The Wall Street Journal, 12-13 January 2008, provides an interview with the Commandant of the Marines, General James T. Conway about the need for “the Corps to preserve its agility and its speed.”

“It’s the future of the Corps not its past that dominates Gen. Conway’s thoughts…that in order to fight this war, his Corps could be transformed into just another ‘land army’; and if that should happen, that it would lost the flexibility and expeditionary culture that has made it a powerful military force. The corps was built originally to live aboard ships and wade ashore to confront emerging threats far from home. It has long prided itself in being ‘first to the fight’ relying on speed, agility, and tenacity to win battles. It’s a small, offensive outfit that has its own attack aircraft.” However, in Iraq, the Marines are performing in a “static environment where there is no forward movement” Additionally, there is a feared culture change taking place, the marines “losing their connection to the sea while fighting in the desert” over an extended period of time.

When we think about enterprise architecture, most people in IT think about technology planning and transformation. However, EA is about both the business and technology sides of the enterprise. Change, process reengineering, and retooling can take place in either or both domains (business and technology). In terms of the Marines, we have altered their business side of the enterprise architecture roadmap. We have radically changed their business/mission functions and activities. They have gone from service and alignment to the long term mission needs of this nation for a rapid, mobile, offensive fighting force to accommodate the short term needs for additional troops to stabilize and conduct counter-insurgency and peace-keeping operations in Iraq. Whether the business functional change ends up hurting the culture and offensive capabilities of the Marines remains to be seen. However, it does raise the interesting question of how organizations should react and change their functions and processes in reaction to short term needs versus keeping to their long term roadmap and core competencies.

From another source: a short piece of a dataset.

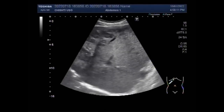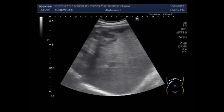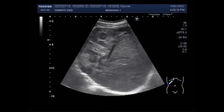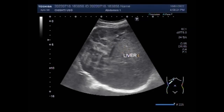Dear viewers, I hope you are all fine. This ultrasound video shows multiple hepatic metastasis. You can see the scanning of the liver and multiple metastasis are seen in the hepatic parenchyma, especially in the left lobe of the liver.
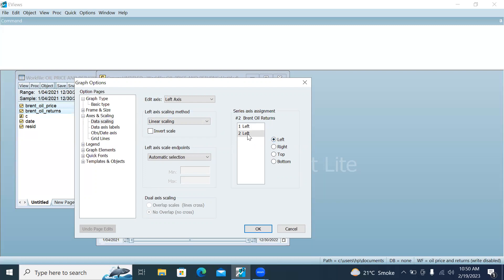Click on the second series — Brent oil returns. Since you want to put Brent oil returns on the right-hand side of the axis, click on Right.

Of course, when it comes to the Marines, they must adapt and serve whatever the mission need and they have done so with distinction.

In regards to the long term affects, General Conway states: “Now, it is necessitated that we undergo these changes to the way we are constituted. But that’s OK. We made those adjustments. We’ll adjust back when the threat is different. But that’s adaptability…You create a force that you have to have at the time. But you don’t accept that as the new norm.”

As we know, in EA and other planning and transformation efforts, change for an organization—even the Marines—is not easy and resistances abound all around. How easy will it be for the Marines to return to their long term mission capabilities? And how should EA deal with short term business needs when they conflict with long term strategy for success?